When someone is diagnosed with cancer, it often takes an emotional toll on both the patient and their loved ones. It takes courage and strength to become a cancer patient’s caregiver.
As a caregiver you take on several logistical roles: the chef, the nurse, the driver, etc. You also take on supportive roles as well: the shoulder to cry on and the listening ear. Through each of these roles, your goal is to provide comfort, but it’s hard not to feel overwhelmed. It’s important that you stay physically and mentally strong.
Courtney Vastine, oncology social worker at Baylor College of Medicine, offers advice about how to take care of your health while providing care to a cancer patient.
- Make time for yourself: Compassion fatigue among caregivers is common but can be prevented. Take 15-30 minutes out of every day before you go to sleep at night and do something that you enjoy. Whether it’s yoga, listening to music, or going for a walk, take a moment to appreciate you.
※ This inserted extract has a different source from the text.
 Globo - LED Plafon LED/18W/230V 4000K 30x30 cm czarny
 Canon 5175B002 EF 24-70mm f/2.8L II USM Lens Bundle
- Give yourself a break: Many days and nights will completely exhaust you – but remember you are not alone. Connect with family and friends and ask for help. Find a few hours or days when you can be away so someone else can briefly take on your role. Your own support team is there for you too.
- Connect with others: At Baylor, we offer tools and resources for caregivers and their families to connect with others who face similar diagnoses, including yoga classes and support groups for breast cancer patients and their care teams. There are plenty of additional resources available to educate and connect caregivers. A great place to start is the American Cancer Society.
Vastine says the most important piece of advice is to be yourself.
“Social support is essential for cancer patients undergoing treatment, as it can be a very difficult time. Caregivers are the backbone of this support system. They show daily compassion and courage for the patient they love,” Vastine said. “Try not to worry about doing it right – your genuine compassion and support is what matters most.”